The proposed aquisition of Weir Pumps by Sulzer did not in fact go ahead. At the last minute, having spent some time at Weir's Cathcart facility, carrying out a due dilligence exercise (and generally familiarising themselves with all aspects of the Company who, along with KSB of Germany, had been their greatest competitor for over 100 years!) they pulled out without warning.

Now, with some significant inside knowledge of Weir Pumps, its products and business strategy, Sulzer returned from whence they came leaving WPL looking rather foolish - and without a Buyer. Not a happy situation for their Australian Chief Executive who had been busy flogging off any arm of the company that he considered insufficiently profitable, medium to high risk, or an amalgam of these undesirable characteristics. (My own company, who were specialised in the Deslaination and offshore Oil & Gas markets, came into that category and we were sold off to a large French water company)

Meantime, to everyone's surprise, a new Buyer came on the scene very quickly after the Sulzer pull-out. This was that great Scottish engineer, Jim McColl, who had started off a meteoric success story when he bought up 30% of the ailing Clyde Blowers company in the early 90s and rapidly turned that into a huge success story. Within no time at all, Clyde Blowers bought Weir Pumps and renamed the company 'Clyde Pumps incorporating Weir Pumps'.

Some eyebrows were raised at the time and many wondered whether Jim McColl was losing his Midas touch. As it happened, he had served his own time with G & J Weir and many thought it was sentiment and emotion over-ruling the brain.
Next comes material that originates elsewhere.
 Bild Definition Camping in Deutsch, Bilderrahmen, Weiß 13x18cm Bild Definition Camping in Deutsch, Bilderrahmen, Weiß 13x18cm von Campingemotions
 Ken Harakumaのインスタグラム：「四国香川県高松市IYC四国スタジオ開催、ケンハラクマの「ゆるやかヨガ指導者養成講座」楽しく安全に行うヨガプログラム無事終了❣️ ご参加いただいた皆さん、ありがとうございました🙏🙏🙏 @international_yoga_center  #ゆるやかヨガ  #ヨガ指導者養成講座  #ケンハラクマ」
Anyone knowing the man would realise the error in such an assumption - there are few better business heads in Scotland than Jim McColl.
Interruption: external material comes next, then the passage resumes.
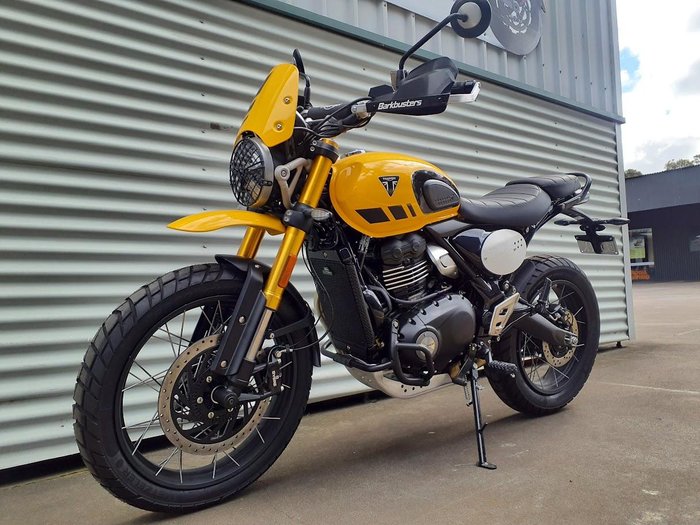 2026 Triumph Scrambler 400 XC Scrambler Yellow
This took place in May 2007. In November 2008, a year ago, Clyde Pumps went a stage further and bought out Union Pumps of the USA, a long-established pumps manufacturer established in 1885. Along with Weir Pumps, established by James and George Weir in 1871, the new Company, now renamed ClydeUnion, had the benefit of some 260 years pumping technology, before taking into account the numerous other pumping companies snapped up over the years from the 1930s onwards.

The old facility in Cathcart, which had been up for redevelopment, remains extant and the last I heard was that the development plans, unlike those for our erstwhile shipyards and riversides, have been shelved. 

Weir as a name still remains, however, the Oil & Gas Division was expanded in scope and markets, and removed from the Weir Pumps sell-off. Other divisions were sold off by the Chief Executive who has just stepped down to return to Australia. 

Lord Smith of Kelvin and Lord Robertson of Port Ellen remain as Directors in the ashes of this once-great West of Scotland engineering company. As I still work for the French company who bought my old company from Weir, I cannot say too much, except to make the point that having served Weirs of Cathcart for over 38 years it was no longer the same company once Lord Weir retired and it fell into the clutches of the so-called professional managers, of which admittedly I was one .... : - (


----------